The marvels of the dried porcini
The secret to their study resides deep in the heart of natural history museums: collections of mushrooms. Tremble is a doctoral candidate in the School of Biological Sciences, defending his thesis in spring 2023 to receive his degree in evolutionary biology. He made a fortuitous choice when working with Dentinger as his advisor; as the curator of mycology at NHMU, Dentinger has established NHMU’s Genomics Lab to be able to analyze DNA quickly and efficiently. More importantly for this study, Dentinger’s professional contacts at natural history museums around the world helped Tremble access the 160 samples that would have been near impossible to collect otherwise.
“You have to rely on opportunistic encounters in nature to collect a living sample,” Dentinger explains. “This is fundamentally different from working with plants, which are there in every season, and animals, which you can bait.” Thus, it would have taken an incredible amount of logistics, timing and luck to find, correctly identify and ship 160 different samples across the Northern Hemisphere back to the lab at NHMU.
Instead, “our study was all possible thanks to fungaria,” Dentinger states, referring to the name for fungus collections in museums. They plumbed the depths of NHMU’s fungarium and reached out to collaborators around the globe.
“Without the accumulated field work by 80 different people, this would not have been possible,” Tremble notes. All of the samples were dried porcini mushrooms, stable and ready for Tremble to extract their DNA. Since Boletus edulis mycelia have a surprisingly long lifespan (estimated to be up to 45 years), they used samples only dating back to 1950 to make sure that the study kept to just a few generations.
Tremble used sophisticated software to run statistical analyses on these samples. He genotyped 792,923 SNPs (pronounced “snips,” short for single nucleotide polymorphisms), which are the individual ways in which the 160 porcini genomes differed from one another. In order to classify major lineages, he filtered out the SNPs that were only present in one sample (which would be considered just a “family unit” or individual variant) so that he could instead observe only major differences between genomes. In the end, Tremble identified six major lineages.
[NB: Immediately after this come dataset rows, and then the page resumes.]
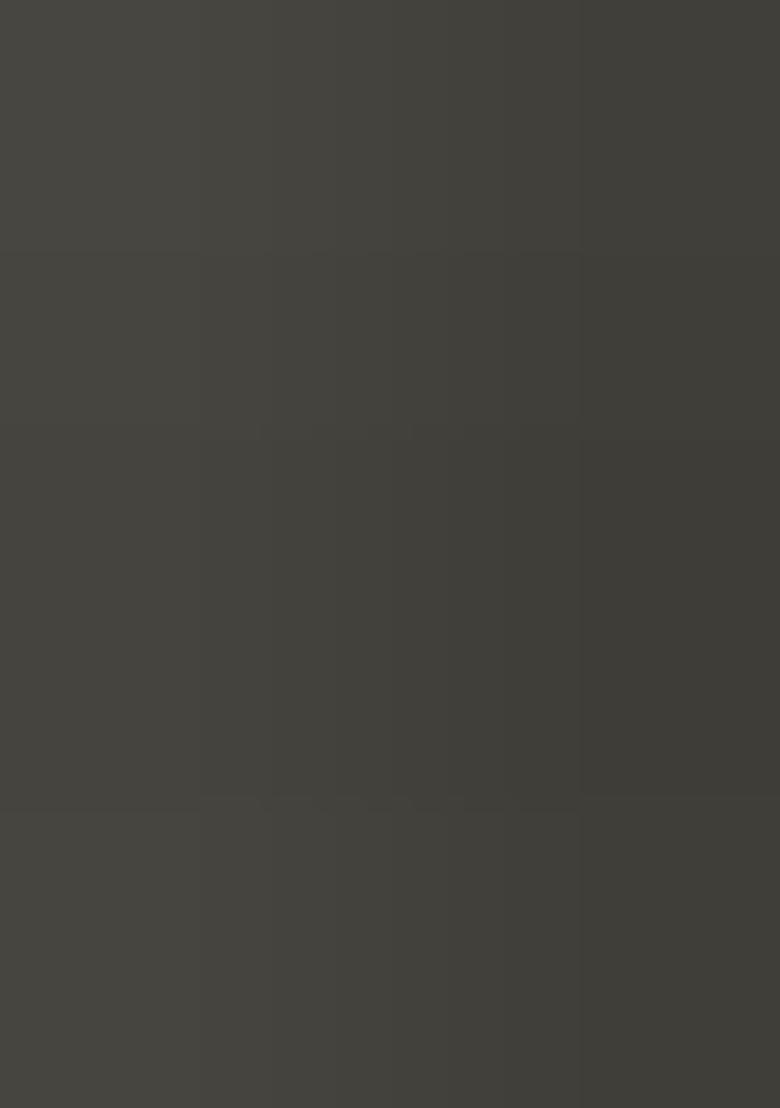 Green Embroidererd Net Lehenga Set With Dupatta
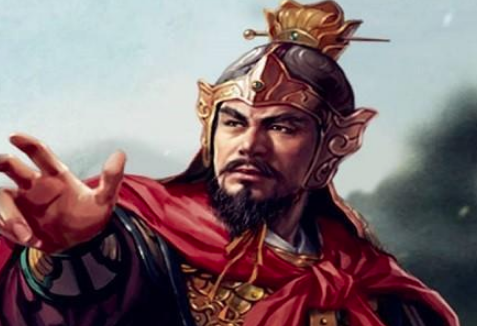 揭秘徐寿辉帐下的五大战将，他们最后结局如何？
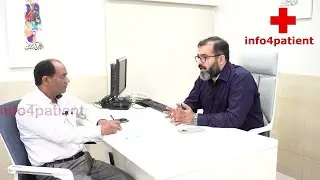 Best Vascular Surgeon in Lahore - Hindi Dr Usman Jamil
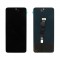 LCD Display HUAWEI NOVA 10 SE BLACK [OLED]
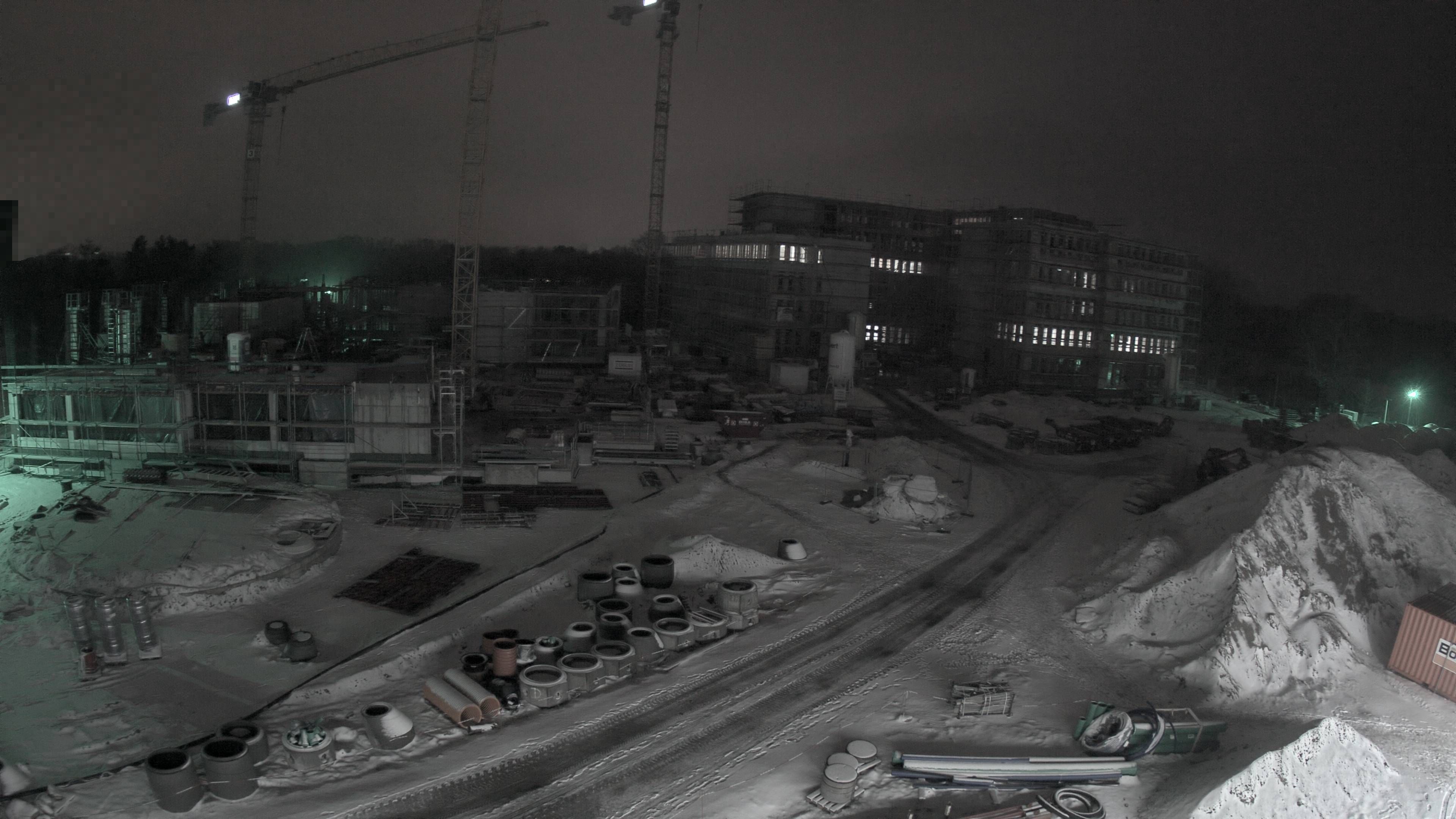 16.02.2026 21:00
Feeding his data into mathematical models, Tremble uncovered a complex web of genomic mixing, where lineages remained distinct despite evidence that other lineages had mixed with them. Their modeling and geographical sample data showed that this ability to remain distinct was due to environmental adaptation, not physical isolation.
Lineages or species?
Tremble and Dentinger take a decidedly agnostic approach to the question of whether they should be identifying these 6 distinct lineages as “species.” They abstain from doing so in their paper because they want to focus on the genetic data and the larger questions related to strategies in evolutionary biology. Plus, that species discussion is one vexed conversation.
“There is no formal process for defining a species,” Tremble notes, “it’s an ongoing debate. We didn’t want to call them species or subspecies because it automatically implies that they are separately evolving groups, which they definitely aren’t.” They decided to call them lineages because this term is genetically resolvable, that is, lineages can be quantifiably distinguished from one another using statistical genetic approaches.
But that doesn’t mean they don’t want to tackle the taxonomy. “This is going to be a forthcoming article in a different journal,” Dentinger says. The world of fungi never experienced the Victorian-era explosion of identifying and naming species that happened with animals and plants. With only an estimated 5% of fungi diversity being identified, naming and taxonomy must happen, if only to help mycologists speak about their subject.
However the species-subspecies taxonomy for Boletus edulis shakes out, Dentinger assures us of one thing: “Terroir is more important than people thought.”
So, find a mushroom hunter and get on his or her good side in order to find the porcini best adapted to your palate.